> **How to complete this task**: Pictures aside, return every line below exactly as written.

Records drawn from a dataset
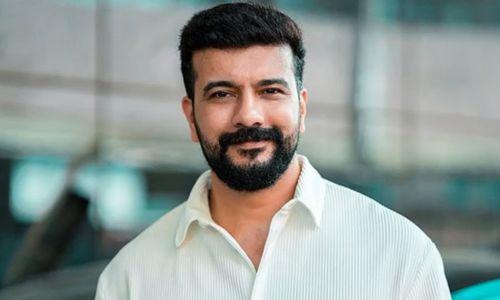 സലിം കുമാറിന്റെ സംസ്കാര ചടങ്ങിലെ മാധ്യമ അതിക്രമം; യൂട്യൂബ് ചാനലുകൾക്ക് ലൈസൻസിംഗ് വേണമെന്ന് രമേശ് പിഷാരടി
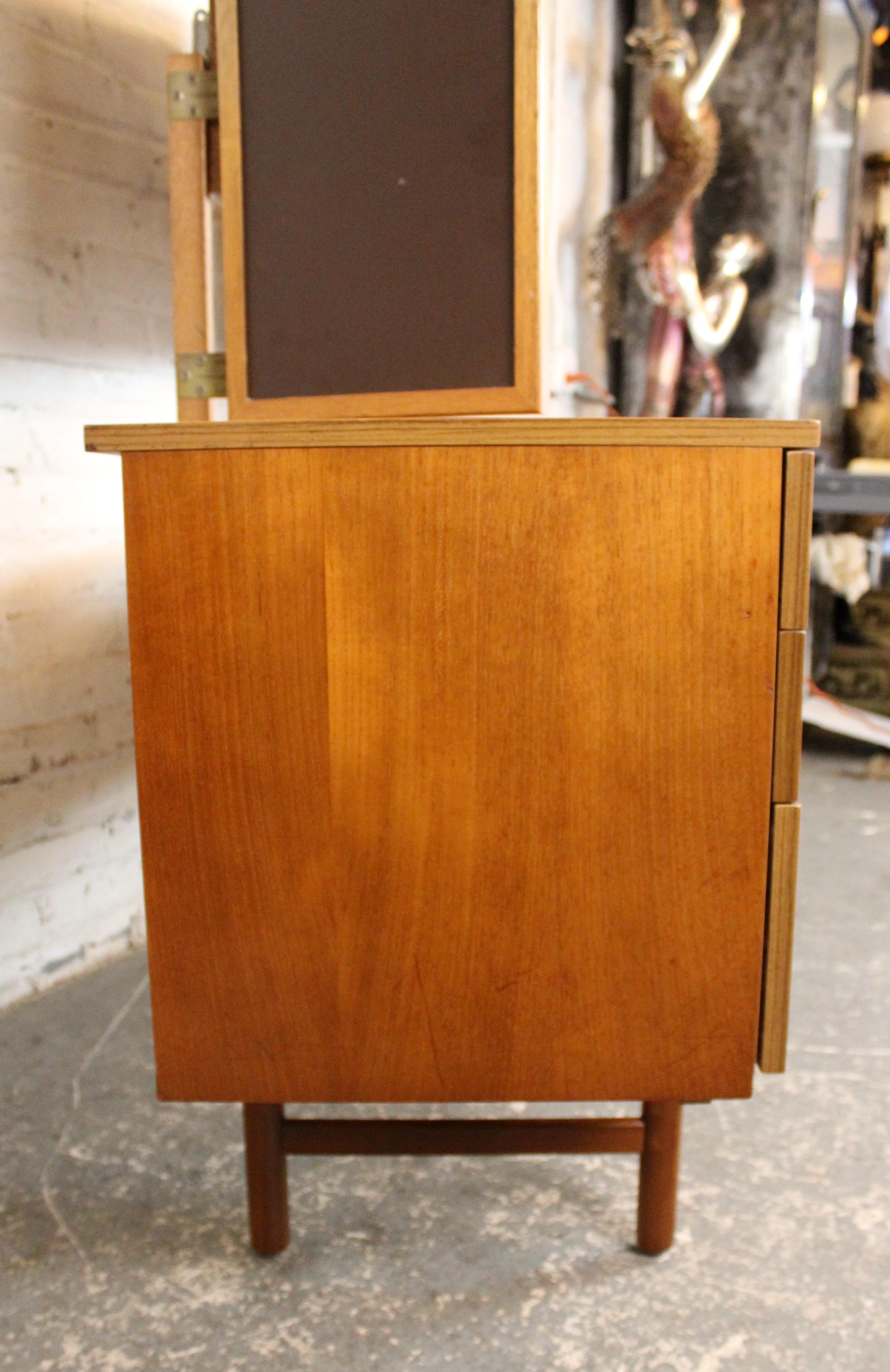 Meuble-lavabo en teck du milieu du siècle en vente 4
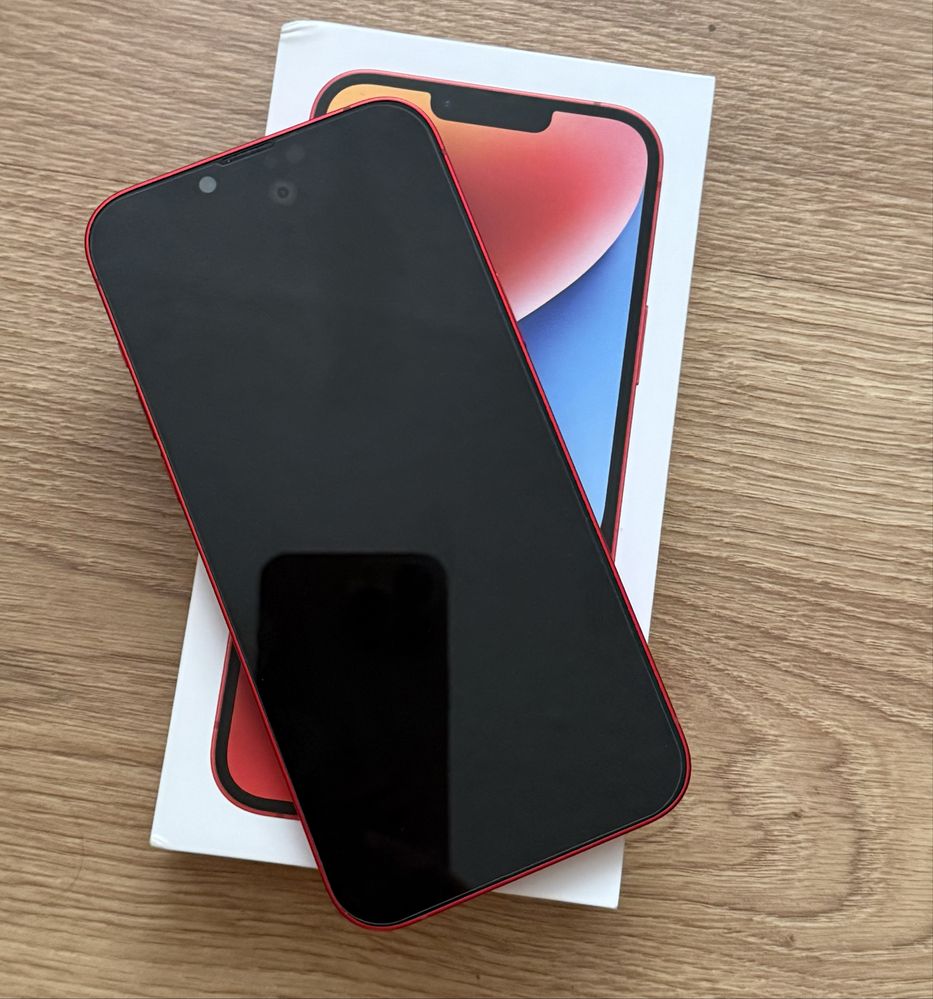 iPhone 14 Plus 128 GB RED – stan bardzo dobry + 15 etui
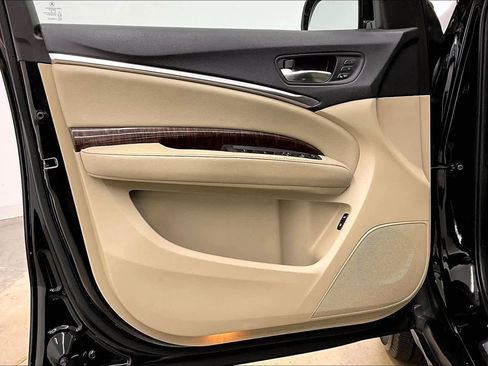 Used 2018 Acura MDX FWD image 26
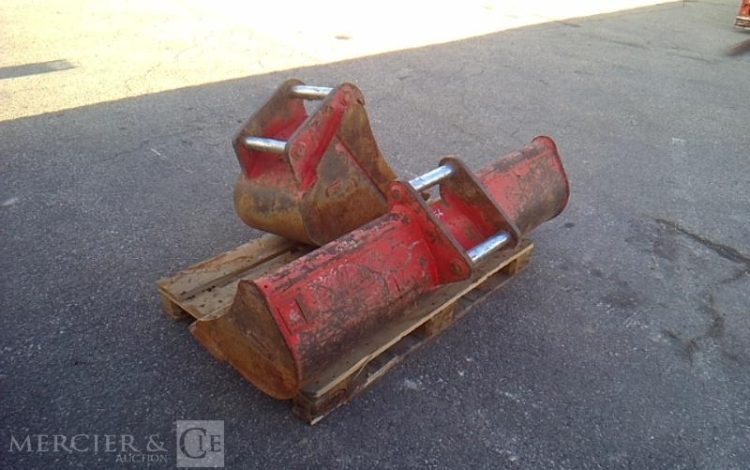 ACB MORRIN 1 GODET DE CURAGE 1450mm + 1 GODET DE FOUILLE 370mm ACB ROUILLE SD256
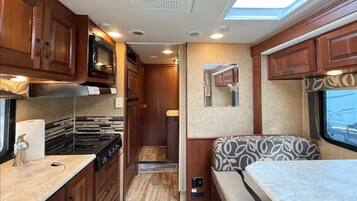 Een koelkast, een microgolfoven, een oven, een kookplaat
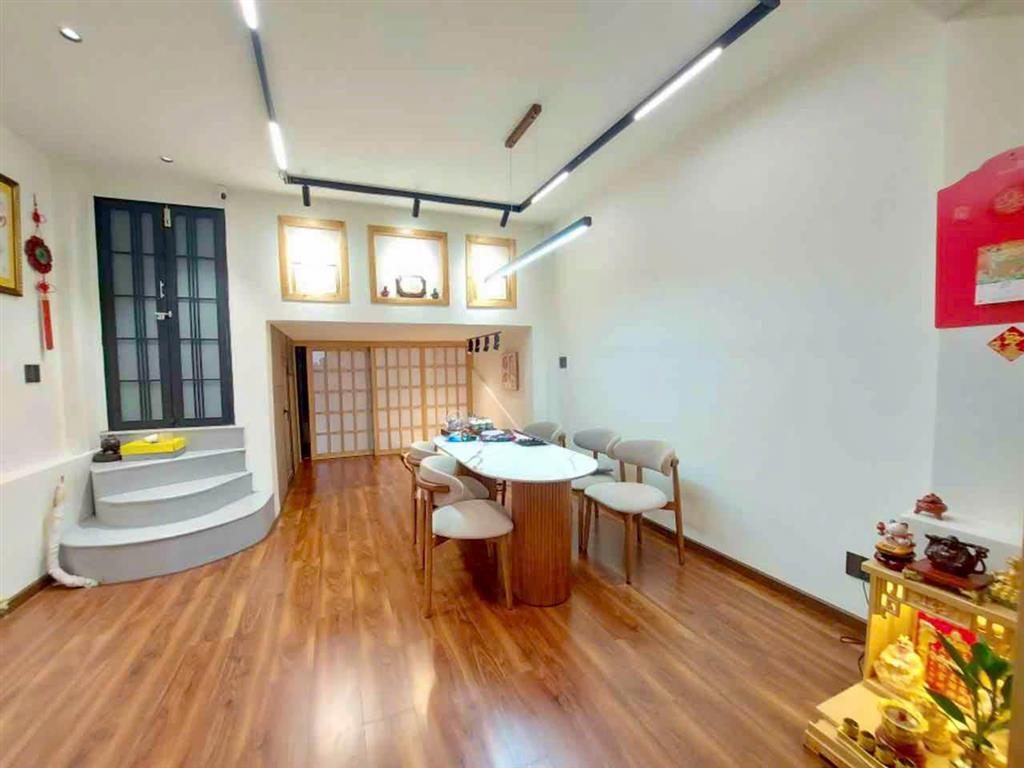 QUẬN 1: CHÍNH CHỦ 0938676685 BÁN NHÀ 3 TẦNG MẶT TIỀN ĐINH TIÊN HOÀNG, P.TÂN ĐỊNH-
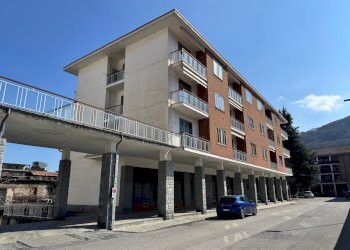 Trilocale via Guardia Piemontese, 3, Torre Pellice - foto 1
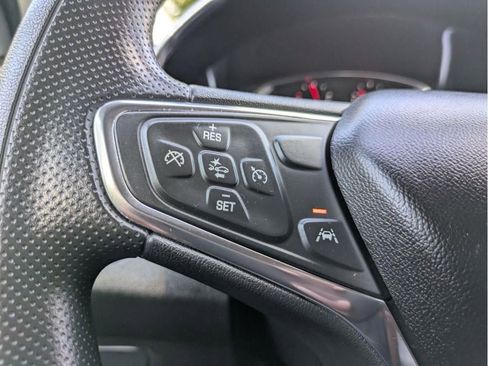 Used 2021 Chevrolet Equinox LT image 19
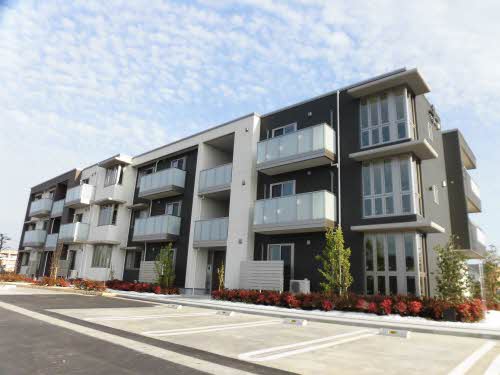 お部屋のことから周辺の地域情報まで、気兼ねなくご相談くださいませ！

> **Written response**:
 സലിം കുമാറിന്റെ സംസ്കാര ചടങ്ങിലെ മാധ്യമ അതിക്രമം; യൂട്യൂബ് ചാനലുകൾക്ക് ലൈസൻസിംഗ് വേണമെന്ന് രമേശ് പിഷാരടി
 Meuble-lavabo en teck du milieu du siècle en vente 4
 iPhone 14 Plus 128 GB RED – stan bardzo dobry + 15 etui
 Used 2018 Acura MDX FWD image 26
 ACB MORRIN 1 GODET DE CURAGE 1450mm + 1 GODET DE FOUILLE 370mm ACB ROUILLE SD256
 Een koelkast, een microgolfoven, een oven, een kookplaat
 QUẬN 1: CHÍNH CHỦ 0938676685 BÁN NHÀ 3 TẦNG MẶT TIỀN ĐINH TIÊN HOÀNG, P.TÂN ĐỊNH-
 Trilocale via Guardia Piemontese, 3, Torre Pellice - foto 1
 Used 2021 Chevrolet Equinox LT image 19
 お部屋のことから周辺の地域情報まで、気兼ねなくご相談くださいませ！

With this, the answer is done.